Set down, word for word, only the lines from the start of the records through the line bearing "The Evoke Tote and Wallet Combo Croco Tan"; include no pictures.

---- RECORDS FOR PROCESSING

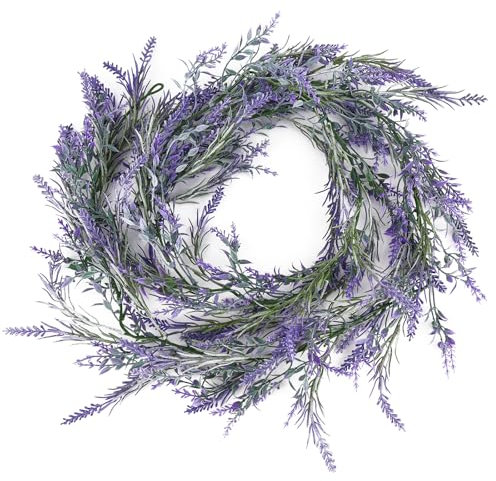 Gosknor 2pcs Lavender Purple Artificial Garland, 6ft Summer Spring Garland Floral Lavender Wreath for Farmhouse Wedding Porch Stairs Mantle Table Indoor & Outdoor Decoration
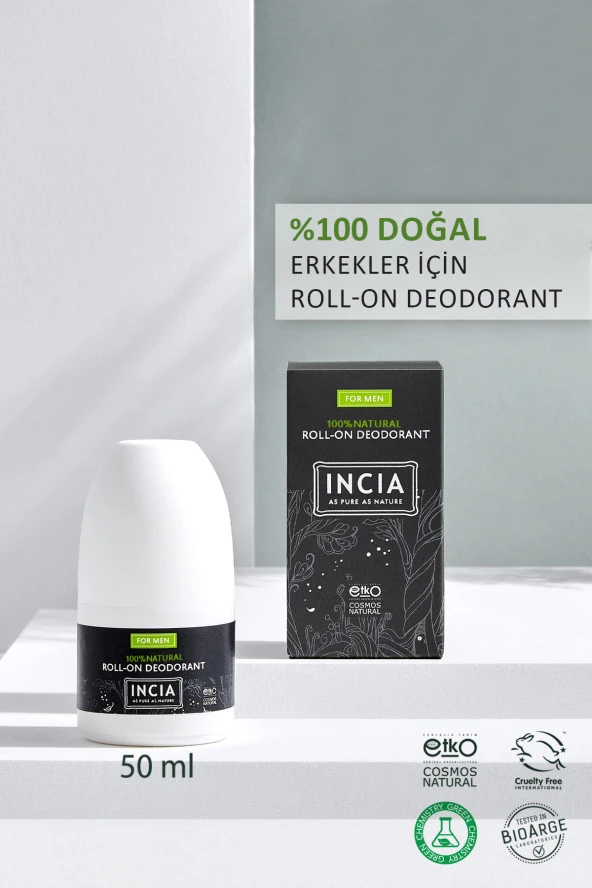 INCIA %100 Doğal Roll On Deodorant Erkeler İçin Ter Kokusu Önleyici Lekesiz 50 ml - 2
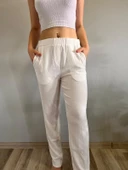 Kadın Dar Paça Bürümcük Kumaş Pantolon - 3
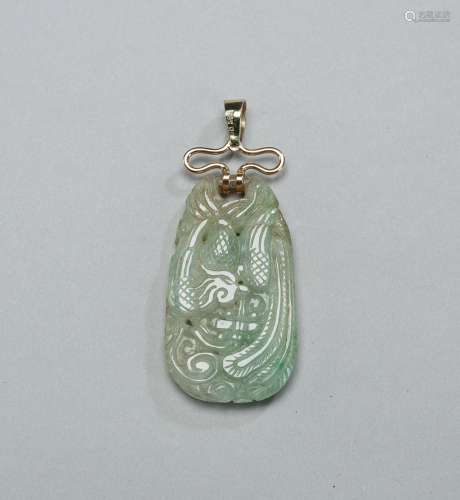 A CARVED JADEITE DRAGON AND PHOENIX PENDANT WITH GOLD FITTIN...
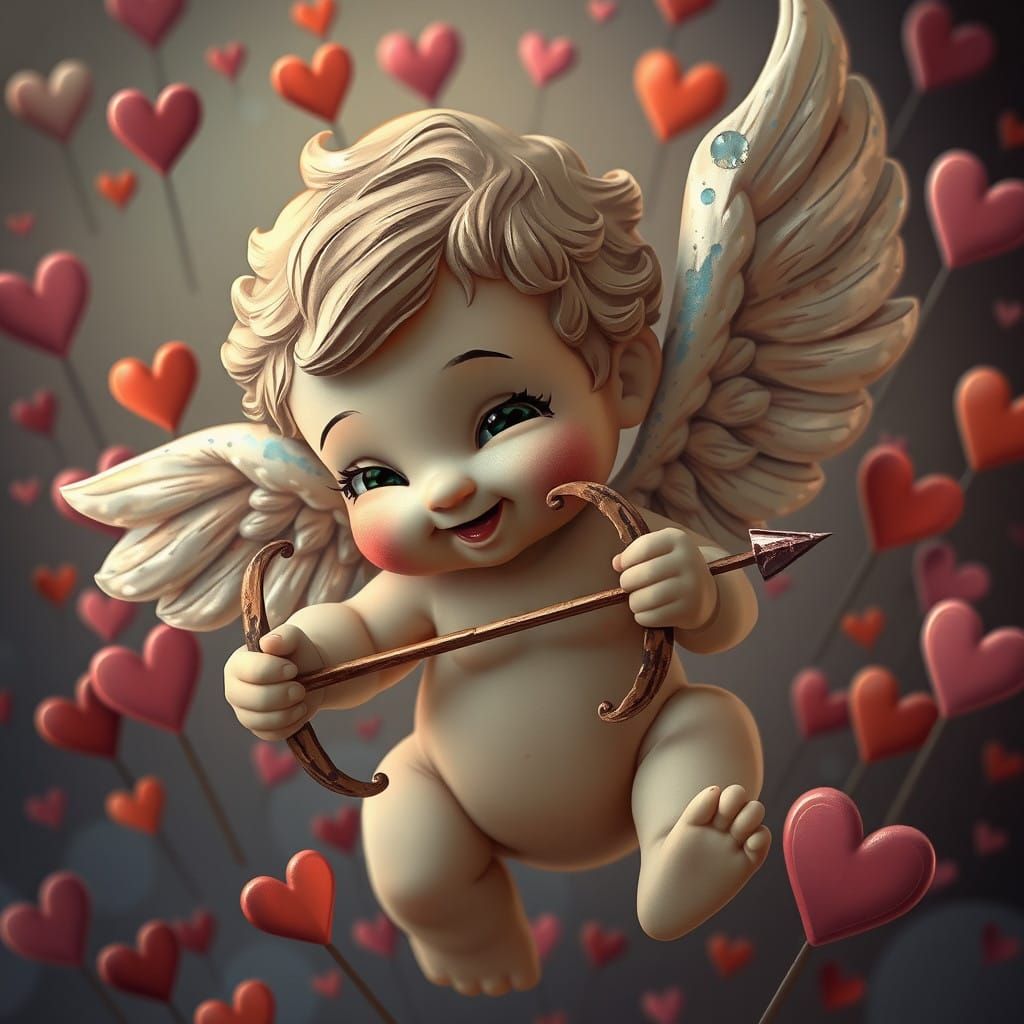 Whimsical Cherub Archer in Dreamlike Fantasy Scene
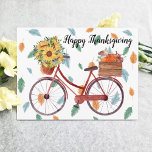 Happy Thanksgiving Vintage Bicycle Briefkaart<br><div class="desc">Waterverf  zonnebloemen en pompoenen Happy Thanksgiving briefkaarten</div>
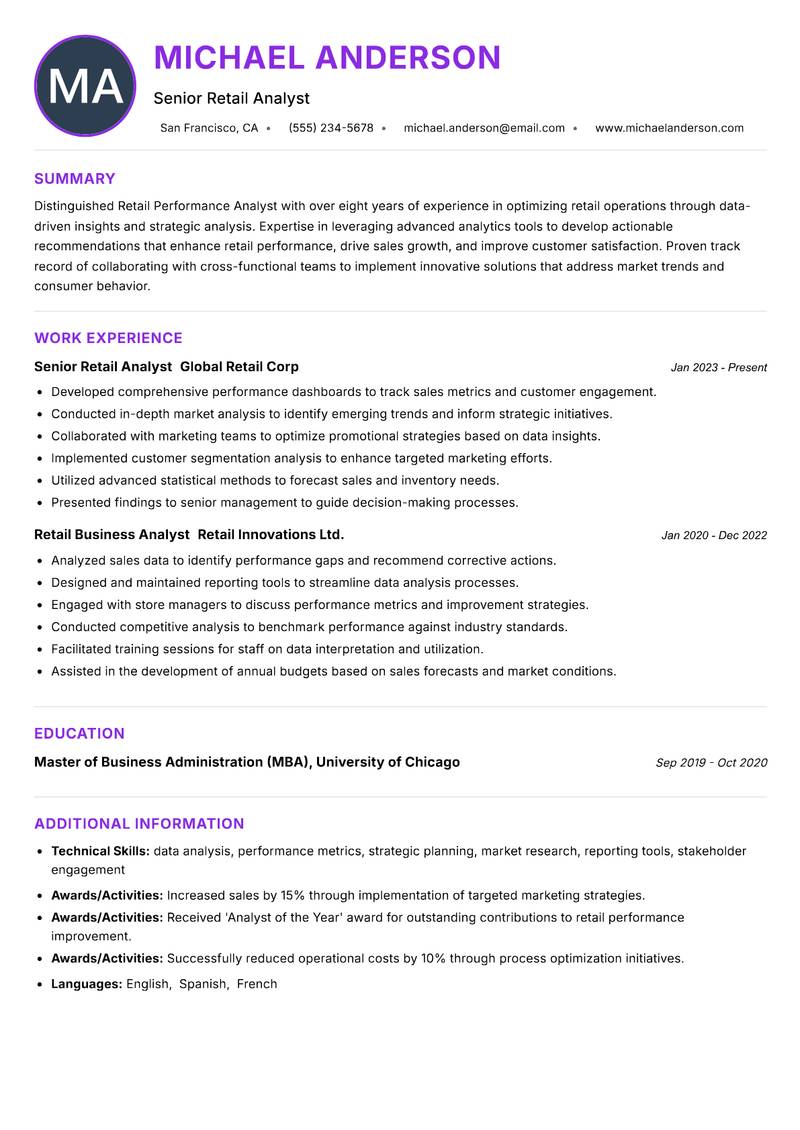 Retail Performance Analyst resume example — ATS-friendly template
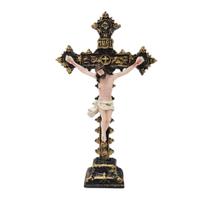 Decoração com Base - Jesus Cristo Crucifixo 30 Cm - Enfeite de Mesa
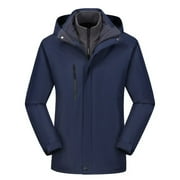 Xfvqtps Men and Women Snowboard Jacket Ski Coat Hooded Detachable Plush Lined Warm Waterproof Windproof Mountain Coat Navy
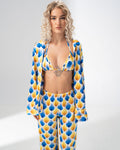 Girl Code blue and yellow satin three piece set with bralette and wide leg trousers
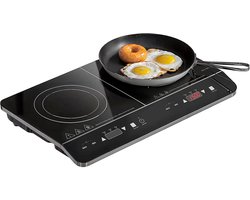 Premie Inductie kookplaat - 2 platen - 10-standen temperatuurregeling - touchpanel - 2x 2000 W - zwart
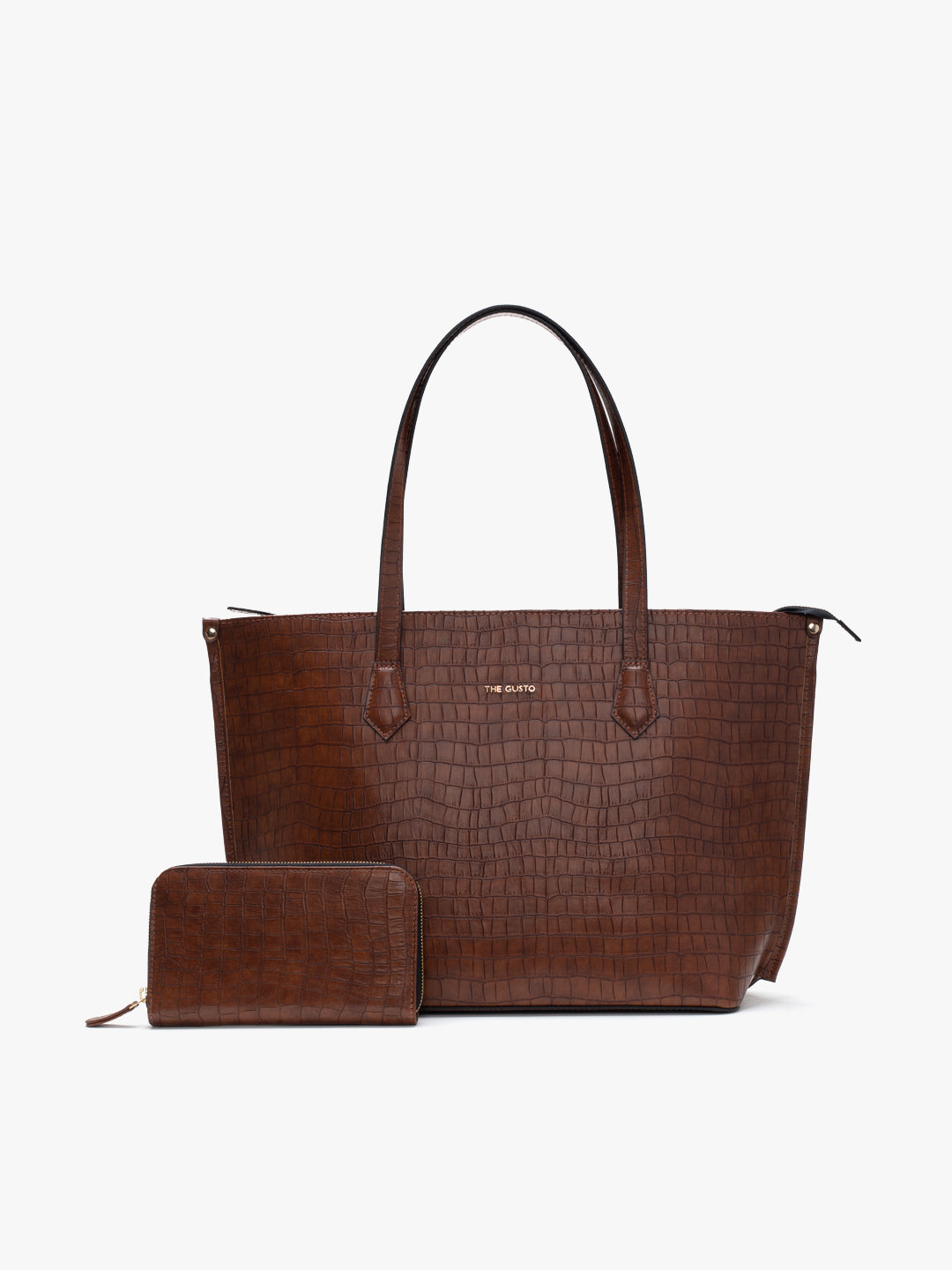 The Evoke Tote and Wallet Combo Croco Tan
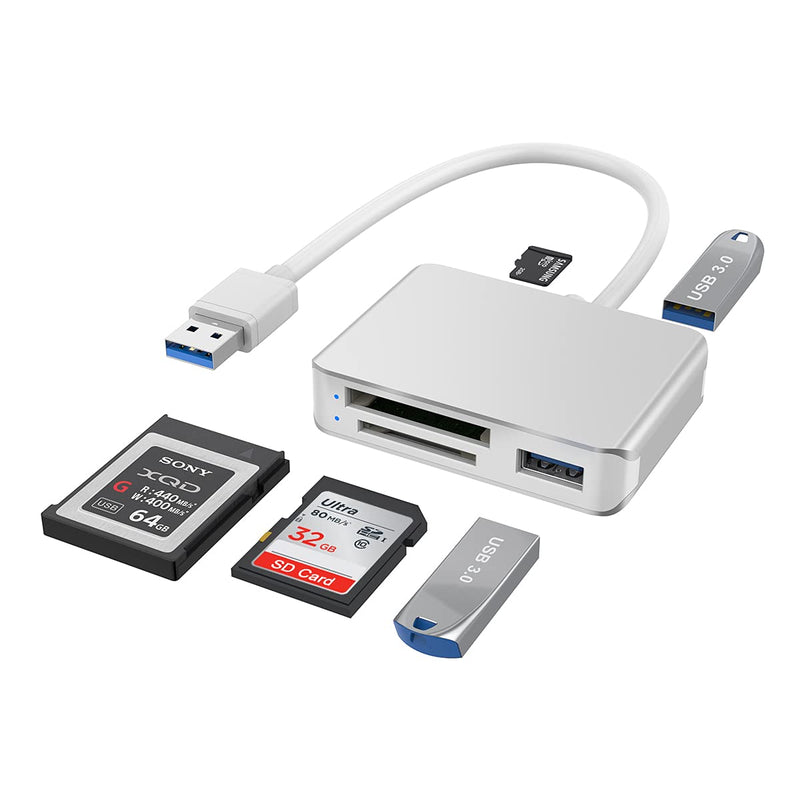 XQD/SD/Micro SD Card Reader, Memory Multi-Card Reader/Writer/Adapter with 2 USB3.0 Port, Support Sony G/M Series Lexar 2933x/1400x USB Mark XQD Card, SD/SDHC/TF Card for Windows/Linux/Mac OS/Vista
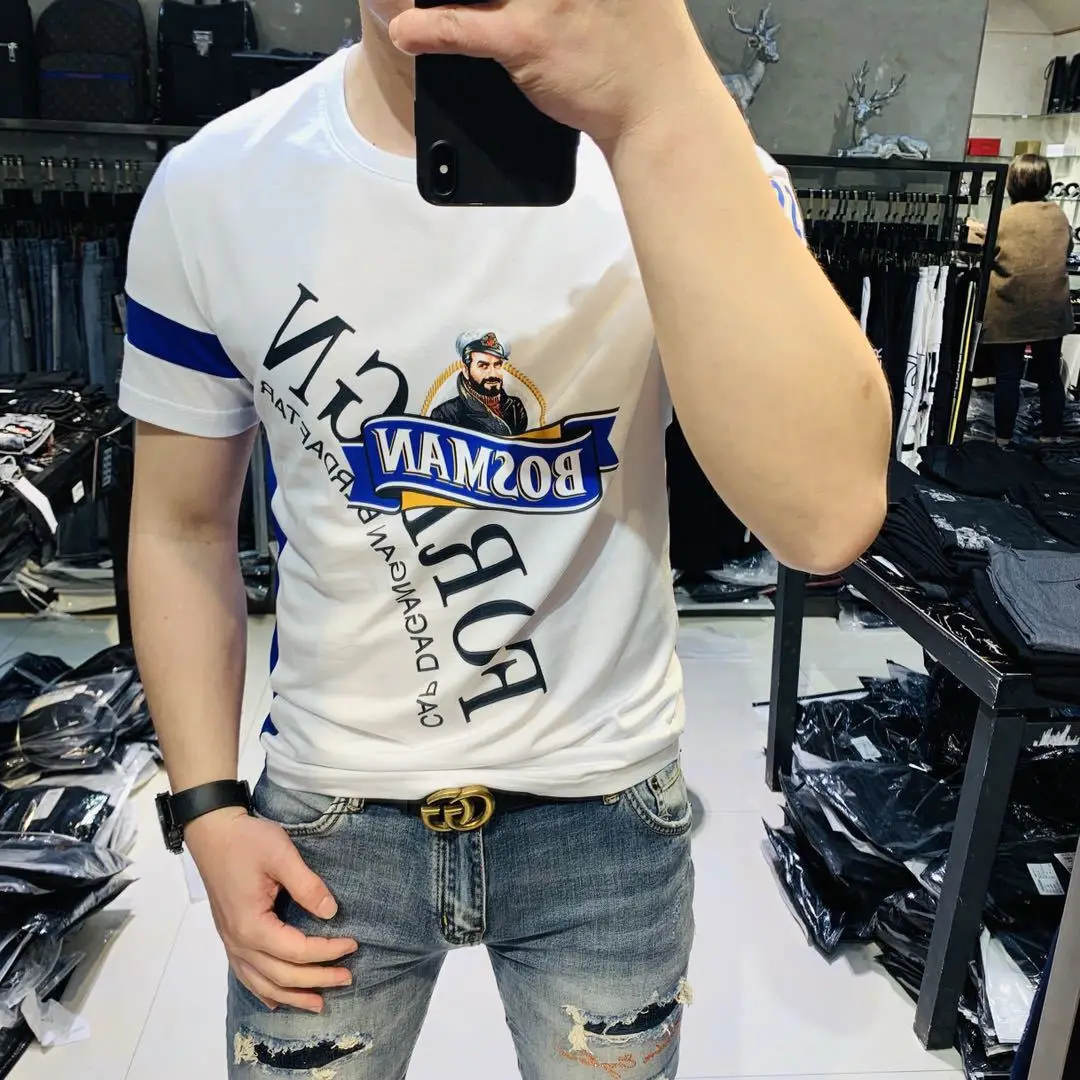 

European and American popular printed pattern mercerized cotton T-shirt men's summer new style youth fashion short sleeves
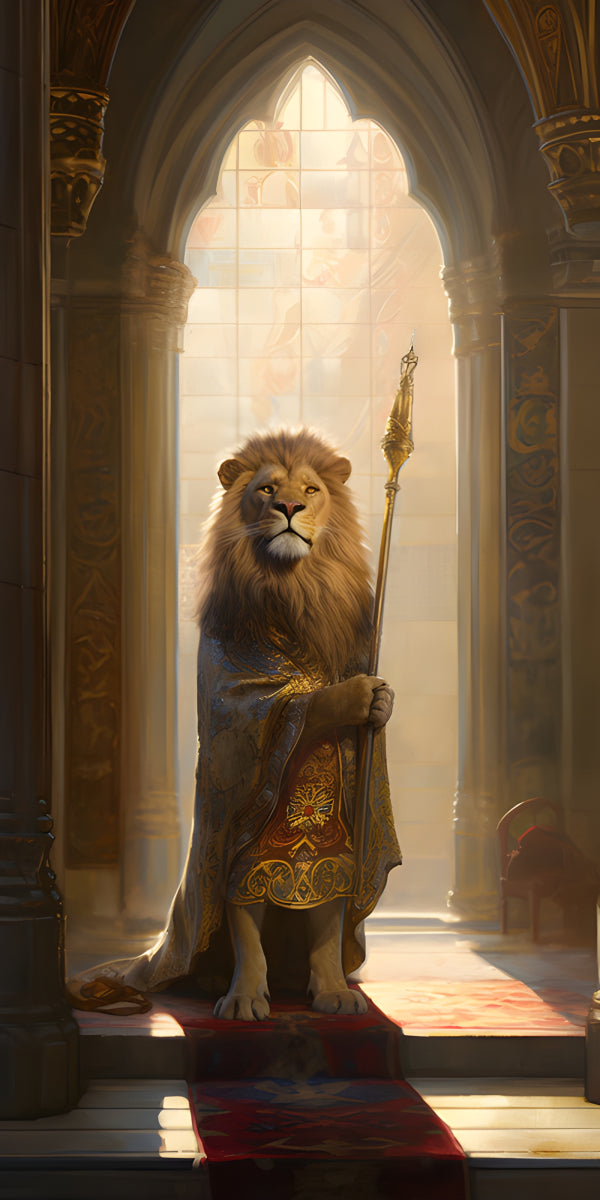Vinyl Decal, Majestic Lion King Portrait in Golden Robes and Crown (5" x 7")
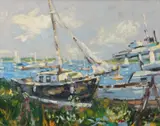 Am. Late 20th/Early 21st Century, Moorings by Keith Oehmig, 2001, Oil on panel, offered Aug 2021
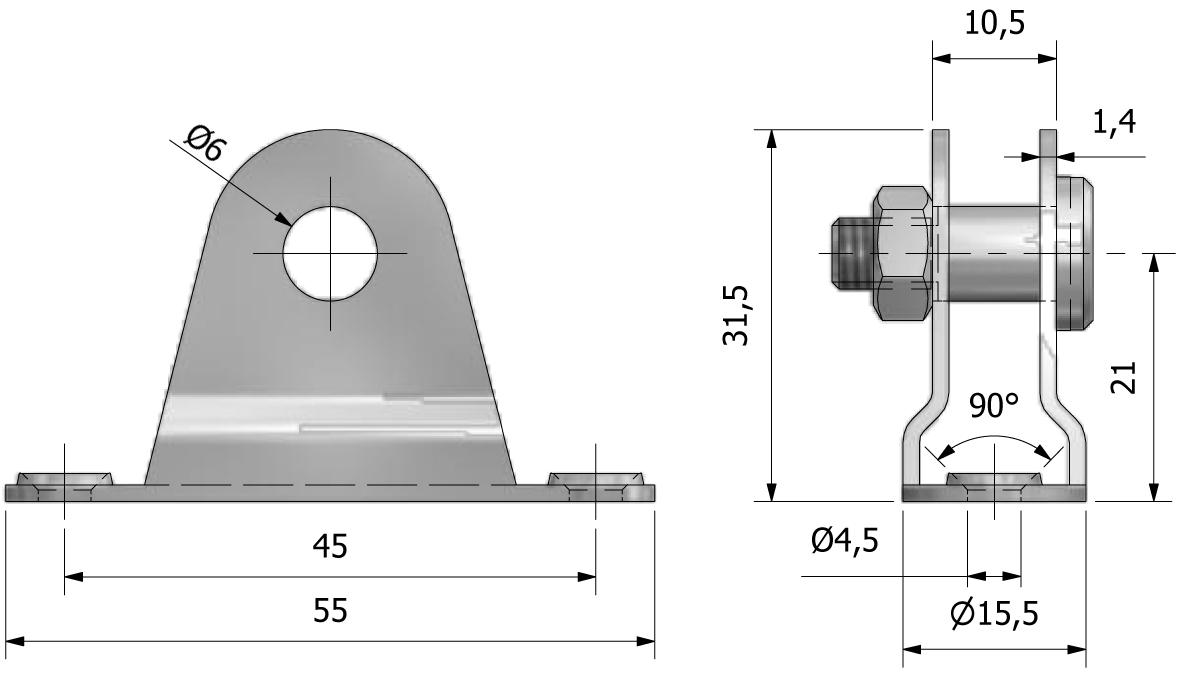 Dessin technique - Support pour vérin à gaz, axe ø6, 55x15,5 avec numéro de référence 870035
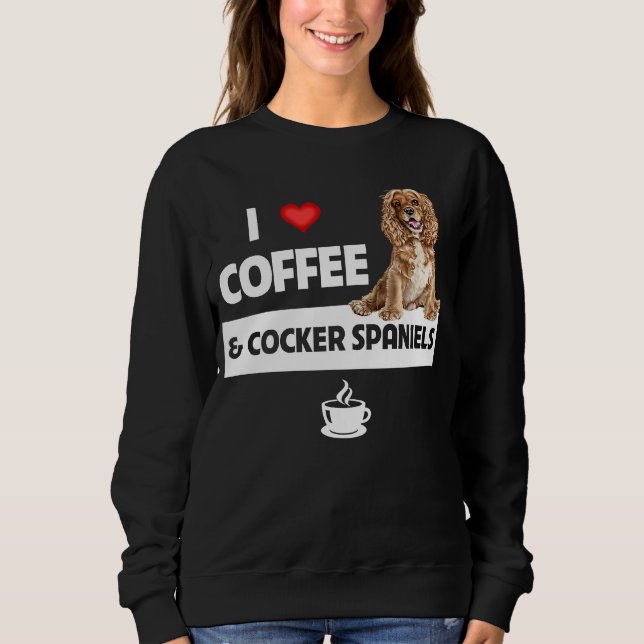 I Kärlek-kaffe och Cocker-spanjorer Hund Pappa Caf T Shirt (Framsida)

--------

**PROBLEM SOLUTION**:
 Gosknor 2pcs Lavender Purple Artificial Garland, 6ft Summer Spring Garland Floral Lavender Wreath for Farmhouse Wedding Porch Stairs Mantle Table Indoor & Outdoor Decoration
 INCIA %100 Doğal Roll On Deodorant Erkeler İçin Ter Kokusu Önleyici Lekesiz 50 ml - 2
 Kadın Dar Paça Bürümcük Kumaş Pantolon - 3
 A CARVED JADEITE DRAGON AND PHOENIX PENDANT WITH GOLD FITTIN...
 Whimsical Cherub Archer in Dreamlike Fantasy Scene
 Happy Thanksgiving Vintage Bicycle Briefkaart<br><div class="desc">Waterverf  zonnebloemen en pompoenen Happy Thanksgiving briefkaarten</div>
 Retail Performance Analyst resume example — ATS-friendly template
 Decoração com Base - Jesus Cristo Crucifixo 30 Cm - Enfeite de Mesa
 Xfvqtps Men and Women Snowboard Jacket Ski Coat Hooded Detachable Plush Lined Warm Waterproof Windproof Mountain Coat Navy
 Girl Code blue and yellow satin three piece set with bralette and wide leg trousers
 Premie Inductie kookplaat - 2 platen - 10-standen temperatuurregeling - touchpanel - 2x 2000 W - zwart
 The Evoke Tote and Wallet Combo Croco Tan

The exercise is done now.